━━ Records provided
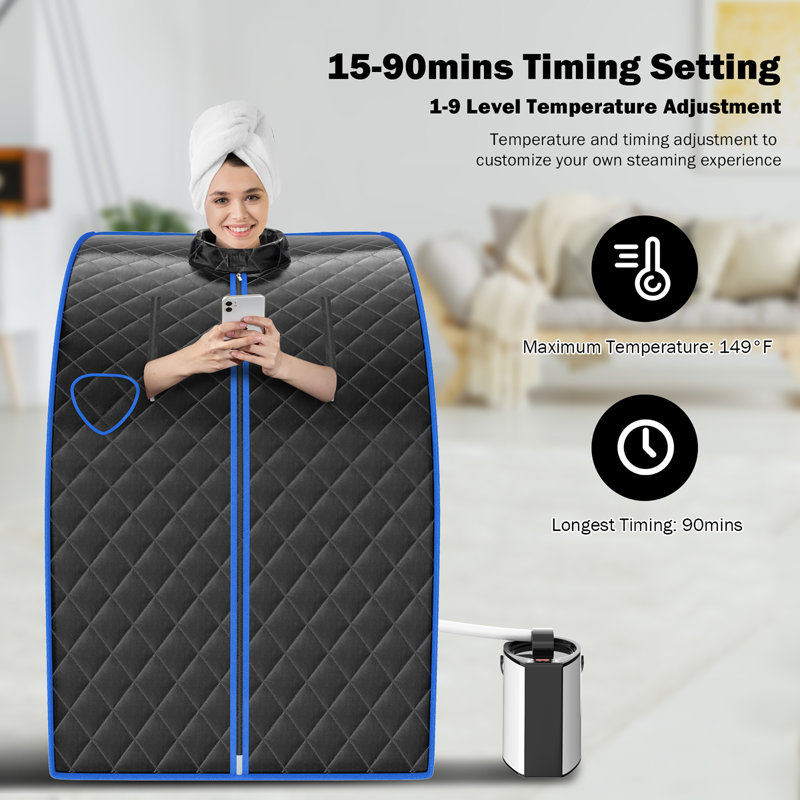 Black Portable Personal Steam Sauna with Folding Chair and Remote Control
━━━━
━━ Records provided
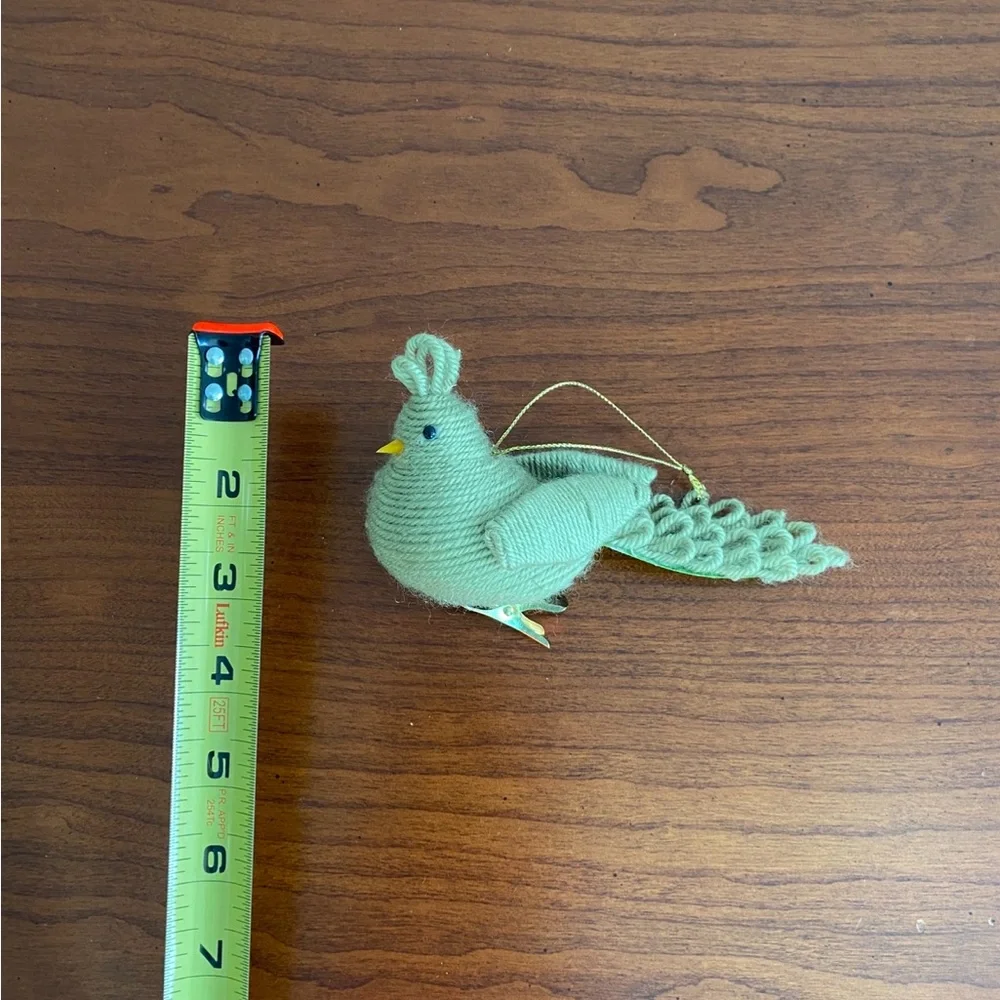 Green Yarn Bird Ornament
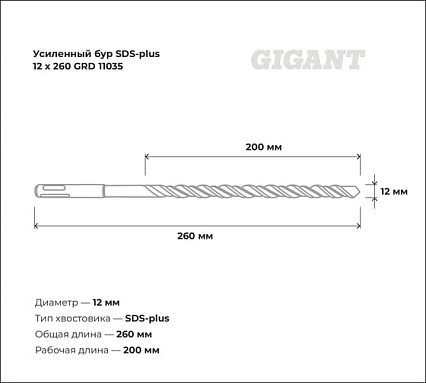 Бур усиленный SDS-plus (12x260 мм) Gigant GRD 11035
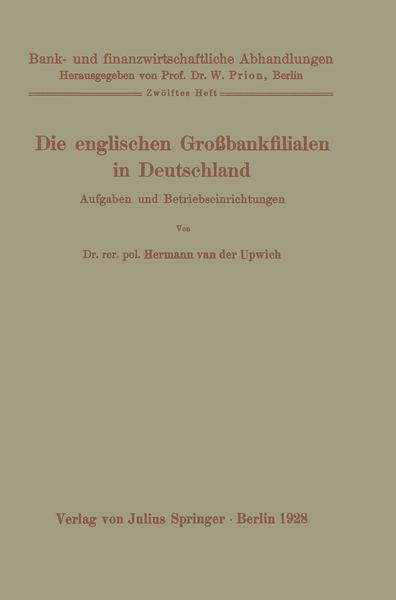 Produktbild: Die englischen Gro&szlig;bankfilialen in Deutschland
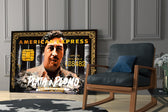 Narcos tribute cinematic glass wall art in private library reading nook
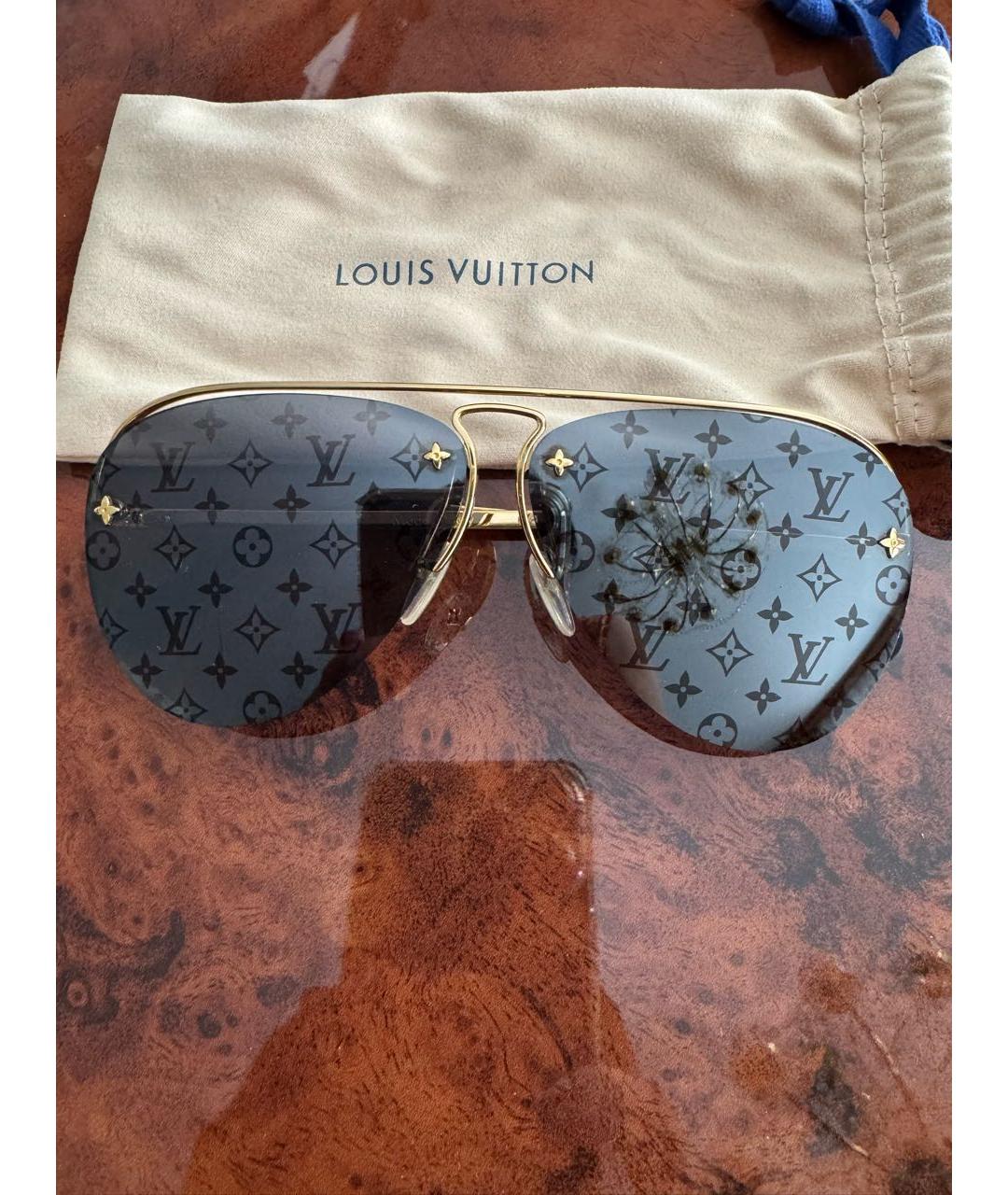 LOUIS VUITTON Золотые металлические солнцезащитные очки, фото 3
━━━━
━━ Records provided
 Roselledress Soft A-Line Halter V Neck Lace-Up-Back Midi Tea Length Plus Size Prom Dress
━━━━
### What you will do
Precisely those lines above that run from the line with "Produktbild: Die englischen" up to and including the line with "LOUIS VUITTON Золотые" are to be set down, with the pictures omitted.

### Answer area
 Produktbild: Die englischen Gro&szlig;bankfilialen in Deutschland
 Narcos tribute cinematic glass wall art in private library reading nook
 LOUIS VUITTON Золотые металлические солнцезащитные очки, фото 3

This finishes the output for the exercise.